GLOSSORY:
Patent, Invention, Innovation, Discovery (Our Definitions- Simplified)
A Patent is a monopoly to make, sell and use a Product, Method, … for a number of years in a jurisdiction, if regarded Novel & Inventive. Novelty is based on Legally Worded Claims. Inventive ( Non-Obvious) is largely Subjective, decided by examiners, based on volumes of unsuccessful attempts to define it.
For what we call an Invention, Novelty means Technical Uniqueness, as seen not by lawyers but by Experts, not just from words, but visual and technical inspection. “Inventive” is established from Solutions, unattainable before, at least in the same way, No Certainty to conceive.
Innovations are Novel but not Inventive, achievable by keen attempts with reasonable chance of success, such as variations of existing solutions.

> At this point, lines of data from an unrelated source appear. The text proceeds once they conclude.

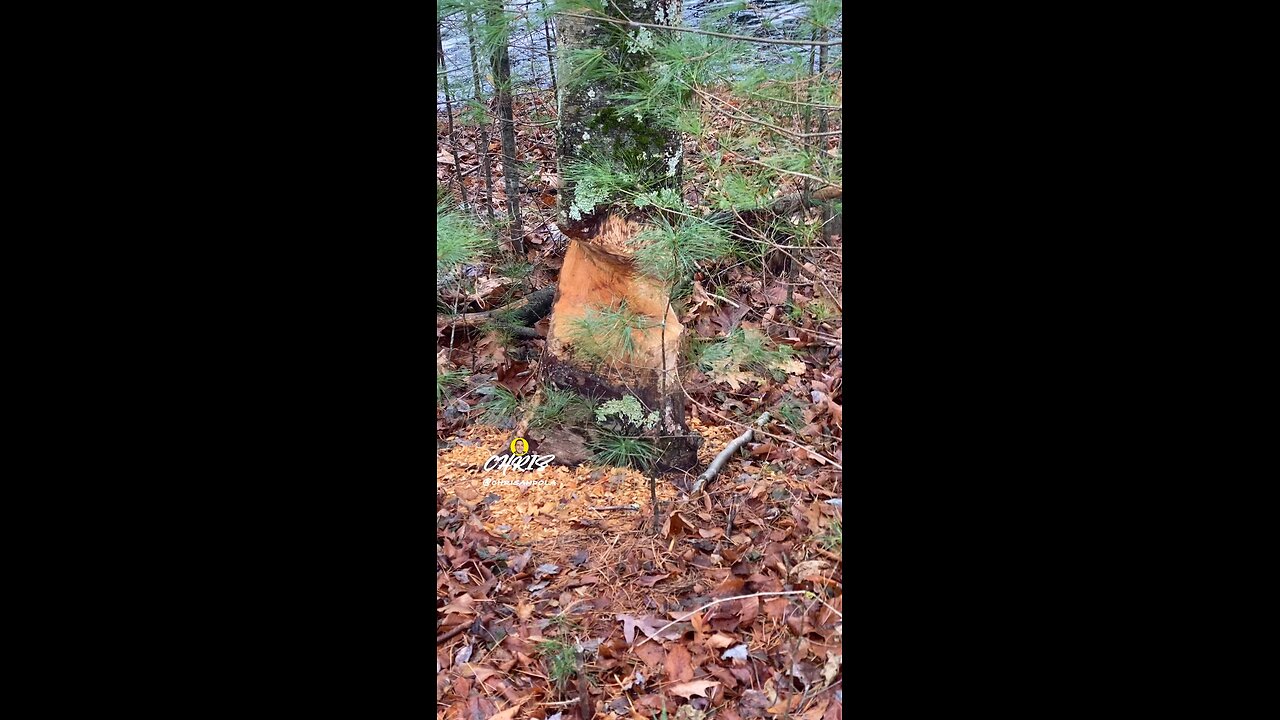 TREE IS ALMOST DOWN.
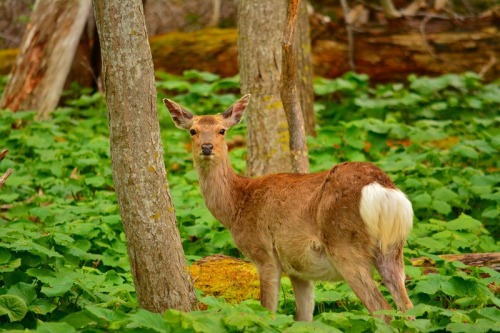 DSC_0676.jpg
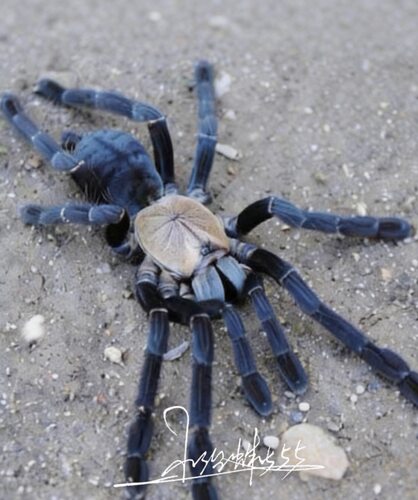 印尼金背地老虎蜘蛛Cyriopagopus sp hati hati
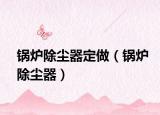 锅炉除尘器定做（锅炉除尘器）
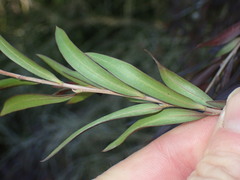 Leptospermum nitidum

Discoveries are uncovering what Exists but unknown, and are generally not patentable, unless combined with some method or device to utilize it.
To Patent or Not :
Filing for Patent or Publishing an Inventions adds to public knowledge and pre-empts others from claiming it later to deprive even the original Inventor. But obtaining a patent, fighting Patent examiners, disputers and violators is costly and draining.
A good policy is to file concepts but leave essential details & derivatives for close to commercialization.